Hacker News new | ask | show | jobs
by josephg 855 days ago
> As I discussed in an earlier post[3] when you use Postgres native UUID v4 type instead of bigserial table size grows by 25% and insert rate drops to 25% of bigserial. This is a big difference.

Does anyone know why UUIDv4 is so much worse than bigserial? UUIDs are just 128 bit numbers. Are they super expensive to generate or something? Whats going on here?

4 comments

UUIDv4s are fully random, and btree indices expect "right-leaning" values with a sensible ordering. This makes indexing operations on UUIDv4 columns slow, and was the motivation for the development of UUIDv6 and UUIDv7.
I'm curious to learn more about this heuristic and how the database leverages it for indexing. What does right-leaning mean formally and what does analysis of the data structure look like in that context? Do variants like B+ or B* have the same charactersistics?
The 25% increase in size is true but it's 8 bytes, a small and predictable linear increase per row. Compared to the rest of the data in the row, it's not much to worry about.

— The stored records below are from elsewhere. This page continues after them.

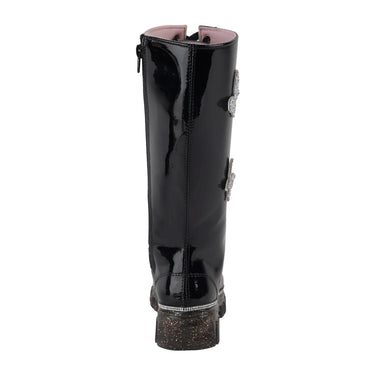 Botas Casuales Fratello Color Negro para Niña 0042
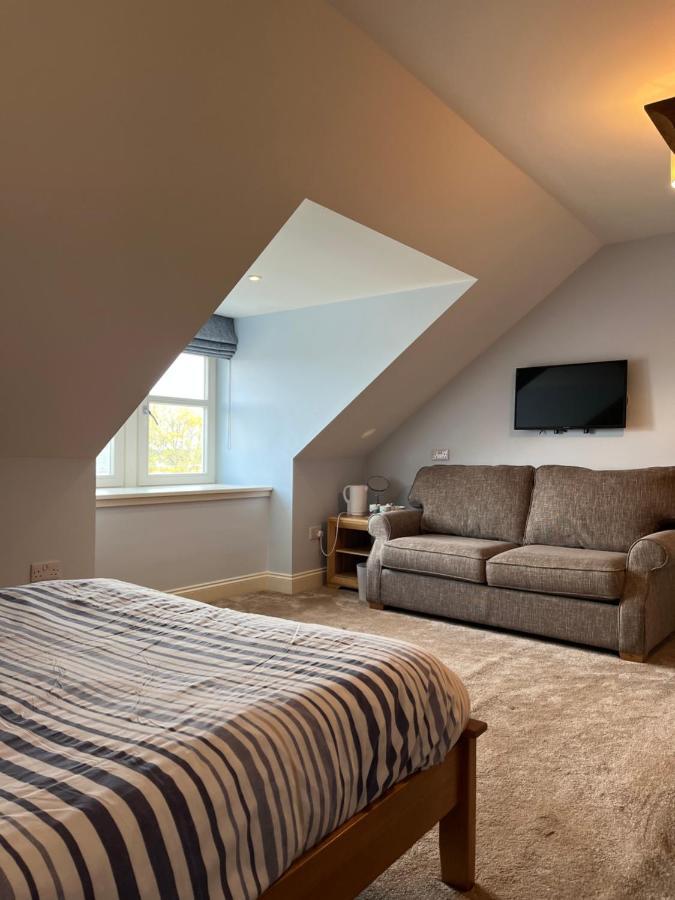 Corsee House Nairn Esterno foto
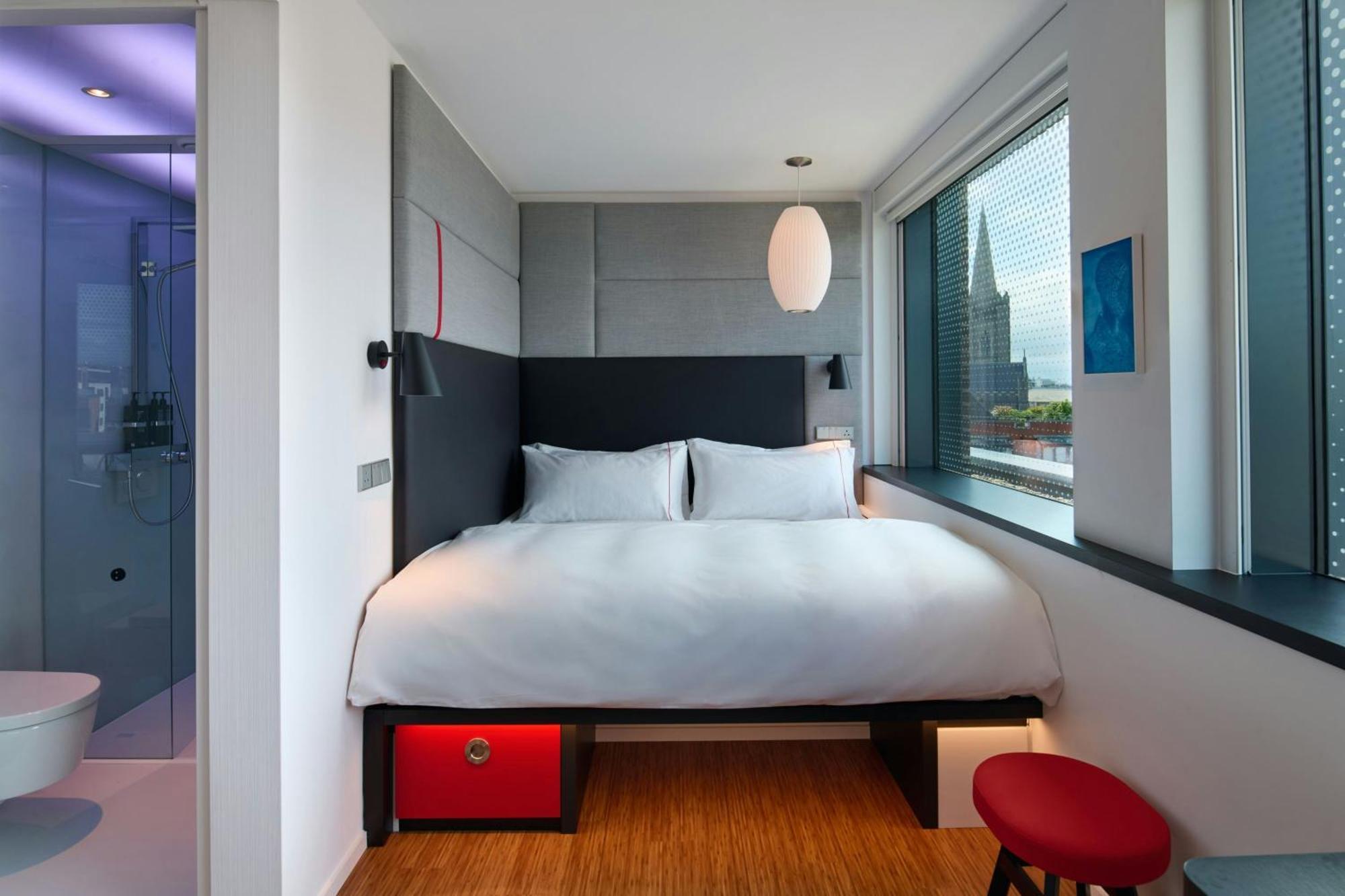 King Room Premium View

The bigger issue is insert rate. Your insert rate is limited by the amount of available RAM in the case of UUIDs. That's not the case for auto-incrementing integers! Integers are correlated with time while UUID4s are random - so they have fundamentally different performance characteristics at scale.

The author cites 25% but I'd caution every reader to take this with a giant grain of salt. At the beginning, for small tables < a few million rows, the insert penalty is almost negligible. If you did benchmarks here, you might conclude there's no practical difference.

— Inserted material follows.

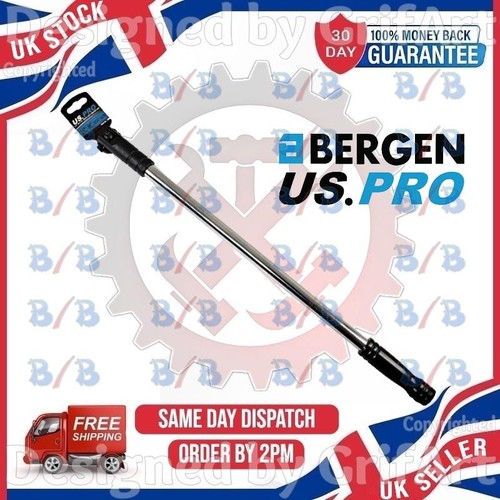 Pro long power breaker - us, 24"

As your table grows, specifically as the size of the btree index starts reaching the limits of available memory, postgres can no longer handle the UUID btree entirely in memory and has to resort to swapping pages to disk. An auto-integer type won't have this problem since rows close in time will use the same index page thus doesn't need to hit disk at all under the same load.

Once you reach this scale, The difference in speed is orders of magnitude. It's NOT a steady 25% performance penalty, it's a 25x performance cliff. And the only solution (aside from a schema migration) is to buy more RAM.

I think its because of btrees. Btrees and the pages work better if only the last page is getting lots of writes. Iuids cause lots of un ordered writes leading to page bloat.
Random distribution in the sort order mean the cache locality of a btree is poor - instead of inserts going to the last page, they go all over the place. Locality of batch inserts is also then bad at retrieval time, where related records are looked up randomly later.

So you pay taxes at both insert time and later during selection.